Note    The serial port pin and signal assignments are with respect to the DTE. For example, data is transmitted from the TD pin of the DTE to the RD pin of the DCE.

Signal States

Signals can be in either an active state or an inactive state. An active state corresponds to the binary value 1, while an inactive state corresponds to the binary value 0. An active signal state is often described as logic 1, on, true, or a mark. An inactive signal state is often described as logic 0, off, false, or a space.

For data signals, the "on" state occurs when the received signal voltage is more negative than -3 volts, while the "off" state occurs for voltages more positive than 3 volts. For control signals, the "on" state occurs when the received signal voltage is more positive than 3 volts, while the "off" state occurs for voltages more negative than -3 volts. The voltage between -3 volts and +3 volts is considered a transition region, and the signal state is undefined.

To bring the signal to the "on" state, the controlling device unasserts (or lowers) the value for data pins and asserts (or raises) the value for control pins. Conversely, to bring the signal to the "off" state, the controlling device asserts the value for data pins and unasserts the value for control pins.

The "on" and "off" states for a data signal and for a control signal are shown below.

The Data Pins

Most serial port devices support full-duplex communication meaning that they can send and receive data at the same time. Therefore, separate pins are used for transmitting and receiving data. For these devices, the TD, RD, and GND pins are used. However, some types of serial port devices support only one-way or half-duplex communications. For these devices, only the TD and GND pins are used. In this guide, it is assumed that a full-duplex serial port is connected to your device.
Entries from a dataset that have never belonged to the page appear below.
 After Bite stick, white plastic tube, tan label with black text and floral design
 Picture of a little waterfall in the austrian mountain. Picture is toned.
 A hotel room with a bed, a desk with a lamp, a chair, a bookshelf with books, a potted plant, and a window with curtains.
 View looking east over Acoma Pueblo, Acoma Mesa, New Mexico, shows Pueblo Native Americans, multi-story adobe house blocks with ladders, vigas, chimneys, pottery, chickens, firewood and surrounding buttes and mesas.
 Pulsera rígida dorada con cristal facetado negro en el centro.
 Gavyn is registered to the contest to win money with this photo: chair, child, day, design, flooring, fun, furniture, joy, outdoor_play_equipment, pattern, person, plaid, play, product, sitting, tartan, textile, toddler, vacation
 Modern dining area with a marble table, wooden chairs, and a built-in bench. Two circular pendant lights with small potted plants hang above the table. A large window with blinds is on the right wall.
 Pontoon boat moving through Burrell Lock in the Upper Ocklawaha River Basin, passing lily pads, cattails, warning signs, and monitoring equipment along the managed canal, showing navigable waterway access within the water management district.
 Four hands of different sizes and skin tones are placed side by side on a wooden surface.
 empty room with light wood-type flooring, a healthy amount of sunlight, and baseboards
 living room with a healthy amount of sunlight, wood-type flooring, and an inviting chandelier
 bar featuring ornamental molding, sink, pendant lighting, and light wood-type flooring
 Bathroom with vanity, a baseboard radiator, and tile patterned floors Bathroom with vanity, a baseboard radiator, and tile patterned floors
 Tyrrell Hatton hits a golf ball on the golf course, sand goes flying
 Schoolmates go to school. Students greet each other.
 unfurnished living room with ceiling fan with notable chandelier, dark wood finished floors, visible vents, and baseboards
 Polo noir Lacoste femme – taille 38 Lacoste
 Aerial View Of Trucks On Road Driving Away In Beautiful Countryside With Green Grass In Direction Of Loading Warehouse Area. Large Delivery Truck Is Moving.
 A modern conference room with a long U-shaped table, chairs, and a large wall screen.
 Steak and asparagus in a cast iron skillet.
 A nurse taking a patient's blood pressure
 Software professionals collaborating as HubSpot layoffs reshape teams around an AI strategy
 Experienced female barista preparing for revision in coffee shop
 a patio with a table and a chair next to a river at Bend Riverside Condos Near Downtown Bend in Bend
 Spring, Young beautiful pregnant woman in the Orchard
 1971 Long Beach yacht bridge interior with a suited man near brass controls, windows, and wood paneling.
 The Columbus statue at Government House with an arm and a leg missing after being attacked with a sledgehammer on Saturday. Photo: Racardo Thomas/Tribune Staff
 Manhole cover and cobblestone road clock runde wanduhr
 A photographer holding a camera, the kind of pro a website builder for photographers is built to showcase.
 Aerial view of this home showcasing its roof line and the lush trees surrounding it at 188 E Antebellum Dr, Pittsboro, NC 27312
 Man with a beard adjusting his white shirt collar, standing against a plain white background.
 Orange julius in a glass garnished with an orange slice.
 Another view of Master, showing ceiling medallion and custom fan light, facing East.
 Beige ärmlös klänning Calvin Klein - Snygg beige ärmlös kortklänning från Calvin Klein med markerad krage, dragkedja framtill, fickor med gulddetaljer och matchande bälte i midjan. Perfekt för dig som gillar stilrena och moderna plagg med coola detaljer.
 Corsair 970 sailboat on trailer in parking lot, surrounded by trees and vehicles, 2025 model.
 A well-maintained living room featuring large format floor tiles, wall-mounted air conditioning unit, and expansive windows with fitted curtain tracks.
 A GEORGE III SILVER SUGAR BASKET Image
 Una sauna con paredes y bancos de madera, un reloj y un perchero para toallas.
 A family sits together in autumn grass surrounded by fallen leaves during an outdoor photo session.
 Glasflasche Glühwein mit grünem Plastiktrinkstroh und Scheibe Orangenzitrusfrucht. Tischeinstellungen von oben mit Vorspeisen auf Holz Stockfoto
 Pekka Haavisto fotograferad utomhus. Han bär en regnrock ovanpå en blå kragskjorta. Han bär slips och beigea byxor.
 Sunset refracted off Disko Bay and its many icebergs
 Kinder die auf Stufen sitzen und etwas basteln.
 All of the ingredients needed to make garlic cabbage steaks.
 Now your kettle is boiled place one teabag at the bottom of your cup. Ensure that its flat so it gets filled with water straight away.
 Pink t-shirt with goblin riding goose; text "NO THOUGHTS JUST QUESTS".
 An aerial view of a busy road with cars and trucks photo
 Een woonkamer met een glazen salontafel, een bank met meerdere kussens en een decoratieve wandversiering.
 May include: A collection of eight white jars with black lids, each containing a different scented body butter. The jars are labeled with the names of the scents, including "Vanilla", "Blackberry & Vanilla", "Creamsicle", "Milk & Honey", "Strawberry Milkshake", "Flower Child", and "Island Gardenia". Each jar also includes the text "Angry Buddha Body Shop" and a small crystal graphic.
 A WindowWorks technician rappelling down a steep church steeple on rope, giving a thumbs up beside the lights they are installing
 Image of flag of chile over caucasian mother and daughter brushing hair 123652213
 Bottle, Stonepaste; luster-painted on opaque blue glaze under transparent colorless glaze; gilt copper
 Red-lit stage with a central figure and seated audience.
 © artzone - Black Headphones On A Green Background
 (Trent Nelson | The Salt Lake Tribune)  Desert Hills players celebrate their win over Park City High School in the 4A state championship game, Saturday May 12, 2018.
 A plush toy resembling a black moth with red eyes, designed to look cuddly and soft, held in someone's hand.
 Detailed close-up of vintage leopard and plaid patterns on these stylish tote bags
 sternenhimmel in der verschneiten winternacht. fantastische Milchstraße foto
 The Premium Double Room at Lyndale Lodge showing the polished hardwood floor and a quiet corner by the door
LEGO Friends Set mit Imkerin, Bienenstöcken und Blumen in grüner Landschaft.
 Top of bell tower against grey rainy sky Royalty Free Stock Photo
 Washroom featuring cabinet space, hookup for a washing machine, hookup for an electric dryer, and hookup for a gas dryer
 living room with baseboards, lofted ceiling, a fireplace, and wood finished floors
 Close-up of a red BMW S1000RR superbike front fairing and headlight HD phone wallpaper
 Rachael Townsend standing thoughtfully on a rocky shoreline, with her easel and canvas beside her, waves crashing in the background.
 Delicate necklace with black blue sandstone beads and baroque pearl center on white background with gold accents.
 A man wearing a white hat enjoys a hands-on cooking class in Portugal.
The TD pin carries data transmitted by a DTE to a DCE. The RD pin carries data that is received by a DTE from a DCE.

The Control Pins

9-pin serial ports provide several control pins that:

• Signal the presence of connected devices
• Control the flow of data

The control pins include RTS and CTS, DTR and DSR, CD, and RI.

The RTS and CTS Pins.   The RTS and CTS pins are used to signal whether the devices are ready to send or receive data. This type of data flow control - called hardware handshaking - is used to prevent data loss during transmission. When enabled for both the DTE and DCE, hardware handshaking using RTS and CTS follows these steps:

1. The DTE asserts the RTS pin to instruct the DCE that it is ready to receive data.
2. The DCE asserts the CTS pin indicating that it is clear to send data over the TD pin. If data can no longer be sent, the CTS pin is unasserted.
3. The data is transmitted to the DTE over the TD pin. If data can no longer be accepted, the RTS pin is unasserted by the DTE and the data transmission is stopped.

To enable hardware handshaking in MATLAB, refer to Controlling the Flow of Data: Handshaking.

The DTR and DSR Pins.   Many devices use the DSR and DTR pins to signal if they are connected and powered. Signaling the presence of connected devices using DTR and DSR follows these steps:

1. The DTE asserts the DTR pin to request that the DCE connect to the communication line.
2. The DCE asserts the DSR pin to indicate it's connected.
3. DCE unasserts the DSR pin when it's disconnected from the communication line.

The DTR and DSR pins were originally designed to provide an alternative method of hardware handshaking. However, the RTS and CTS pins are usually used in this way, and not the DSR and DTR pins. However, you should refer to your device documentation to determine its specific pin behavior.

The CD and RI Pins.   The CD and RI pins are typically used to indicate the presence of certain signals during modem-modem connections.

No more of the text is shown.